Il Governatore ha però voluto precisare un punto fondamentale: nemmeno le stablecoin più affidabili possono essere considerate vere e proprie monete, almeno non nel senso in cui lo sono le valute ufficiali come l’euro.

La ragione di questa distinzione risiede nella natura stessa di questi strumenti digitali. Anche se le stablecoin sono progettate per mantenere un valore stabile, esse restano comunque legate a beni o attività sottostanti, il cui valore può variare nel tempo. In altre parole, il valore di una stablecoin può comunque oscillare, seppur in misura contenuta. E questa è una caratteristica che mal si concilia con le funzioni di una moneta, soprattutto come mezzo di pagamento.

Bitcoin: la posizione critica di Fabio Panetta

Se da un lato il governatore della Banca d’Italia, Fabio Panetta, ha mostrato una certa apertura nei confronti di alcune forme di criptovalute, come le stablecoin, dall’altro il suo giudizio su molte altre valute digitali è stato decisamente più severo. In particolare, Panetta ha espresso forti perplessità riguardo a quelle criptovalute che non possiedono alcun valore intrinseco né una garanzia alle spalle da parte di enti regolatori o istituzioni affidabili. Secondo lui, molte di queste non sono altro che semplici «scritture criptografiche», prive di un reale fondamento economico o patrimoniale.

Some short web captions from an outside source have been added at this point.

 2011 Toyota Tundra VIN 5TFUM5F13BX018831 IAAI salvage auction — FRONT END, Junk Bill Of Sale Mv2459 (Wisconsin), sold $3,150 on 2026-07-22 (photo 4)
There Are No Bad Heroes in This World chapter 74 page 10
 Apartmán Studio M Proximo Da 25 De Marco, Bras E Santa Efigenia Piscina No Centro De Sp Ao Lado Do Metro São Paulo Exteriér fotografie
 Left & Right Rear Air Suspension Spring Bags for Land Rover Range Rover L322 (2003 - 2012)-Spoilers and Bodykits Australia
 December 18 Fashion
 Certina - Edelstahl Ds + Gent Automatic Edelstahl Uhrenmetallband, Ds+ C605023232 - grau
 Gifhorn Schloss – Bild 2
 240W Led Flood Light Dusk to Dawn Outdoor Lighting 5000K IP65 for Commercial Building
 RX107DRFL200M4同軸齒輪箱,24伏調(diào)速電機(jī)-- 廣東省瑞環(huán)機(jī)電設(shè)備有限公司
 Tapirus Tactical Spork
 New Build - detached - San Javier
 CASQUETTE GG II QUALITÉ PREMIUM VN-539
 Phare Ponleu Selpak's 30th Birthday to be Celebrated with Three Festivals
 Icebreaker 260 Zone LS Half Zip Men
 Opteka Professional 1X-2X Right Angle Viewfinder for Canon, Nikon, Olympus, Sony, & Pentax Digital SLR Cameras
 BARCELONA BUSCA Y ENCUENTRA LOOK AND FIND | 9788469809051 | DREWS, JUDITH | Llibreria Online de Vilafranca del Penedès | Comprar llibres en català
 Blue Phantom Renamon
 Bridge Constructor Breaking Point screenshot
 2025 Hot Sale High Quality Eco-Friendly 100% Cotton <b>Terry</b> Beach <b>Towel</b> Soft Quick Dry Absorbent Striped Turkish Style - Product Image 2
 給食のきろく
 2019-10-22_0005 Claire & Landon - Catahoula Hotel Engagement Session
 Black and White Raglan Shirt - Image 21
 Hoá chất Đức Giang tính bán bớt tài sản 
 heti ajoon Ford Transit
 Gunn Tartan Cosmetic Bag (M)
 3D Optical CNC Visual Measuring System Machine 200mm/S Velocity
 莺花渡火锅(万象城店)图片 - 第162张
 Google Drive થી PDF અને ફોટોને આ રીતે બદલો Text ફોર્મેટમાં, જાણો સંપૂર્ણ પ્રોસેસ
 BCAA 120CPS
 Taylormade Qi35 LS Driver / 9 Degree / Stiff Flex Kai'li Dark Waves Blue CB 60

Tra queste, Panetta ha parlato esplicitamente anche di Bitcoin, definendolo una vera e propria “scommessa”, cioè uno strumento altamente speculativo il cui valore si basa esclusivamente sulla fiducia (o sulla speranza) che qualcun altro sia disposto a pagare di più in futuro. Questo tipo di dinamica, ha sottolineato, non offre alcuna certezza né stabilità, due caratteristiche fondamentali per un sistema monetario sano e affidabile. Proprio per questo, ha ribadito, solo la moneta pubblica emessa dalle banche centrali può garantire con sicurezza il valore nominale di uno strumento di pagamento.

Criptovalute, tra scetticismo e opportunità

Le parole del governatore Fabio Panetta tracciano una linea chiara ma equilibrata: le criptovalute non vanno demonizzate in blocco, ma è fondamentale distinguerne rischi e potenzialità. Se da un lato strumenti come il Bitcoin restano, a suo avviso, operazioni speculative prive di garanzie reali, dall’altro le stablecoin e, più in generale, l’innovazione digitale nel campo monetario possono offrire nuove opportunità, a patto che siano inserite in un quadro normativo solido e trasparente. La sfida per il futuro sarà proprio questa: coniugare tecnologia e fiducia, libertà e sicurezza.